The SA Forum specifications include three levels. The Application Interface Specification (AIS) defines the interface between the applications and the high-availability (HA) middleware making each independent of the other, thus providing for a very robust HA stack management.The Hardware Platform Interface (HPI) defines the interface between the hardware and the HA middleware and makes each independent of the other. The Systems Management Specification (SMS) defines the interfaces to access the monitor and control aspects of the AIS and the HPI interfaces, as well as a comprehensive notification interface for HA systems. In addition to the AIS and HPI, the forthcoming Systems Management Specification will provide management and high availability. Figure 1 shows how the three specifications will work together.
Application Interface Specification
Applications today are often developed as one application that runs on a single node. In a typical system, this exposes four possible areas that could fail: the application, the middleware, the operating system and the hardware.
The SA Forum AIS improves service availability by taking advantage of redundant hardware and software components in a distributed system. The AIS defines a C language API for six services that together provide a distributed mechanism for supporting cluster membership, application failover, checkpointing, event distribution, messaging and distributed locking. The approach of the AIS to increase service availability is to mask the four possible failures by redundantly distributing the application and middleware across the same or multiple nodes.
Consider an application that runs on two nodes. If any of the four possible failures occurs on one of the nodes, the remaining node survives to provide service to the user of the application. Providing more than one standby node improves service availability dramatically. For applications to failover, they must make use of the Availability Management Framework (AMF). The AMF specifies a distributed system model and policy to describe the actions taken when a failure is detected or reported.
The
system model of the AIS is provided by a container called a service group. A
service group is a collection of service units. A service unit is a collection
of one or more software components, or processes combined to deliver a service.
Service units are assigned a component service instance (CSI), which is either
active or standby. In Figure 2, the active service unit X contains components
A and B. The standby service unit Y contains components C and D. If the active
service unit X failed, service unit Y would become active.

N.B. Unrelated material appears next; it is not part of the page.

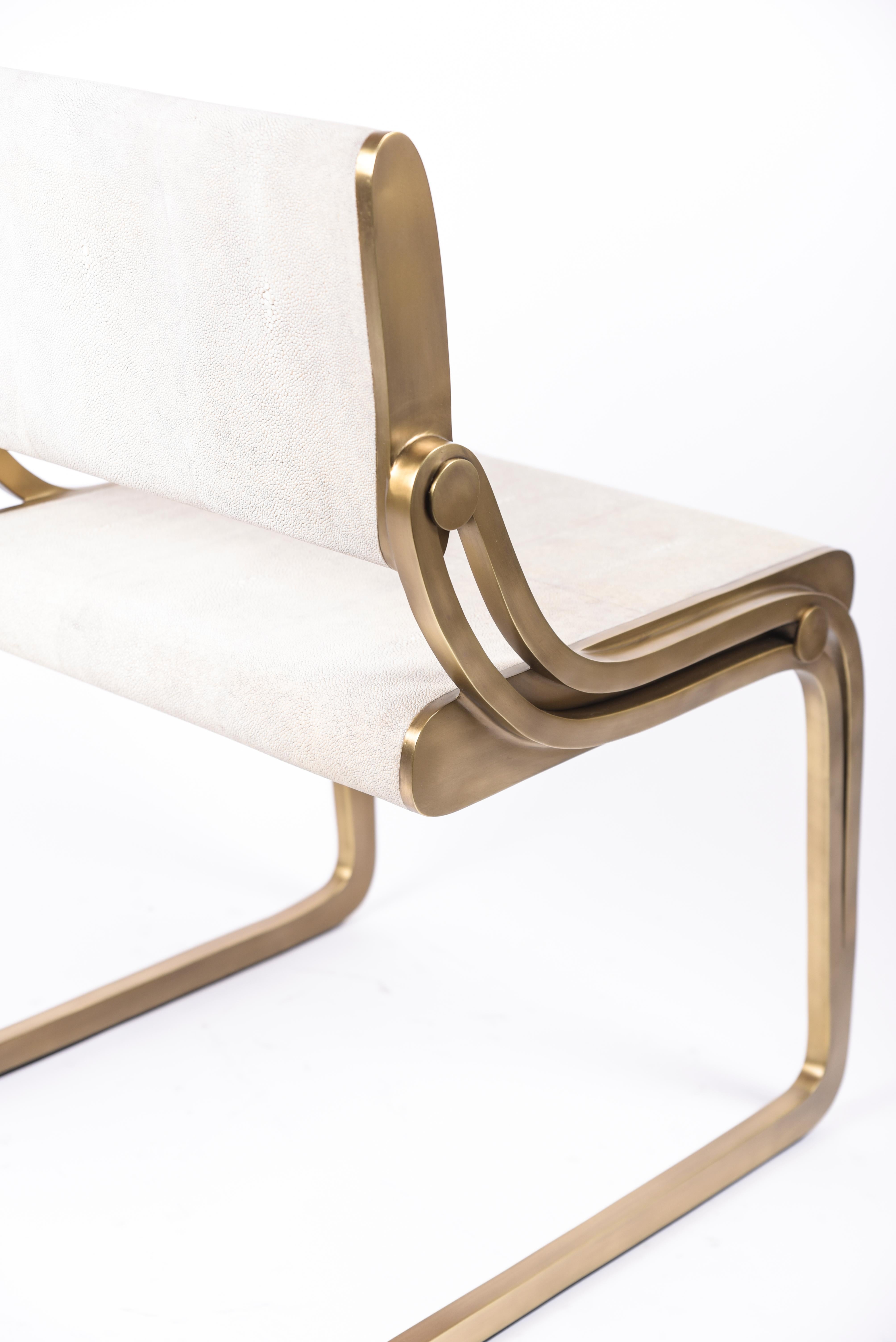 The Oxford chair by R&Y Augousti is a sophisticated piece that provides comfort, whilst retaining its elegant and luxurious aesthetic. This piece is inlaid in cream shagreen, with a bronze-patina brass frame. Available with fur upholstery, see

A number of alternative policies are provided to specify which service units are activated during failover. The AIS explains these policies in great detail. One of these policies, for example is the N+M policy, which specifies that N service units will be active, and M will be standby. If an active CSI fails, a standby CSI will be assigned the active state. There are several mechanisms that will direct a standby CSI to enter the active state. Failure to respond to a health check will activate the standby unit. In addition, the crash of a component or an error report via the API, as well as the unregistration of a component via the API will bring the standby unit online.
With the AMF, stateful application failover is made possible with the addition of checkpointing. Checkpointing is the action of saving the active component’s state into a checkpoint section. When a standby service unit is activated, it can read the standby state and start at the last known good state of the active application. The Checkpoint API provides functions that create, delete, read or write a checkpoint. It also allows the automatic cleanup of checkpoints and the iteration of checkpoint sections.